I have a feeling that the disagreement might come from the fact that computer software systems, being fed this formula for $k=n$, encounter the summand $\binom{-1}{k-1}$ which they evaluate as $(-1)^{k-1}$ (which is not what you and me assume), hence the discrepancy.

Well, the convention I would definitely like to follow is $\binom{p}{q}\ne 0$ only for $0\le q\le p$, and in this case is given by the usual formula.

@Pietro: I believe my formula gives 1520 as well: $1716-7\cdot 1-21\cdot 4-35\cdot3=1520$.

Wadim, over $\mathbb{Z}$ the number is $8(p+1)$, so I assume Roland is correct (since these primes cannot be represented by less than 4 squares, for positive solutions we have to divide by 16)...

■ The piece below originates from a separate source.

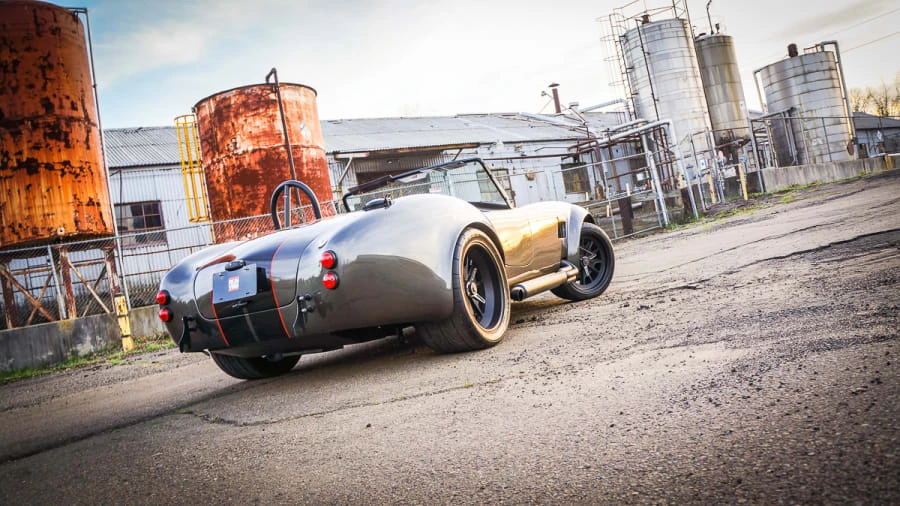 2018 Shelby Cobra Replica - Image 10 of 12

True - I keep forgetting about the built-in nonlinearity :-)

Victor, does not one of the sentences in Popov's article read "A linear algebraic group over a field of characteristic 0 is reductive if and only if its Lie algebra is a reductive Lie algebra"? It is more than an bit misleading, isn't it?

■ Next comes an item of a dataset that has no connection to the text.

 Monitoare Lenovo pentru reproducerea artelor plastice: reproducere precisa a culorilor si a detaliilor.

@Victor: I believe that at some point one of the existing versions of terminology might have been "reductive" for Lie groups with reductive Lie algebras and "linearly reductive" for what now is more commonly called reductive. Some traces of that mess remained till today, see, e.g. eom.springer.de/R/r080440.htm (which messes up as many things as possible) and eom.springer.de/l/l058500.htm. But it's probably true that this terminology is mostly dormant, and is more or less non-existent in reliable textbooks.

@Michele: that's fine, a good lesson for me to read things carefully. A reductive algebraic group is reductive as a Lie group, sure, but I fail to see how it is relevant: for a reductive Lie group, the statement you are interested in is false, while for a reductive algebraic group it is true, so you'd better be careful too :)

@Victor: thanks! yes, I guess I read the title of this question better than the body :( I edited the answer accordingly.

@Ben: your comment really confuses me... since for a basis of the free Lie algebra we can take Lyndon words (a very combinatorial object), the above formula can be thought of as a sum of one term which has a clear combinatorial meaning!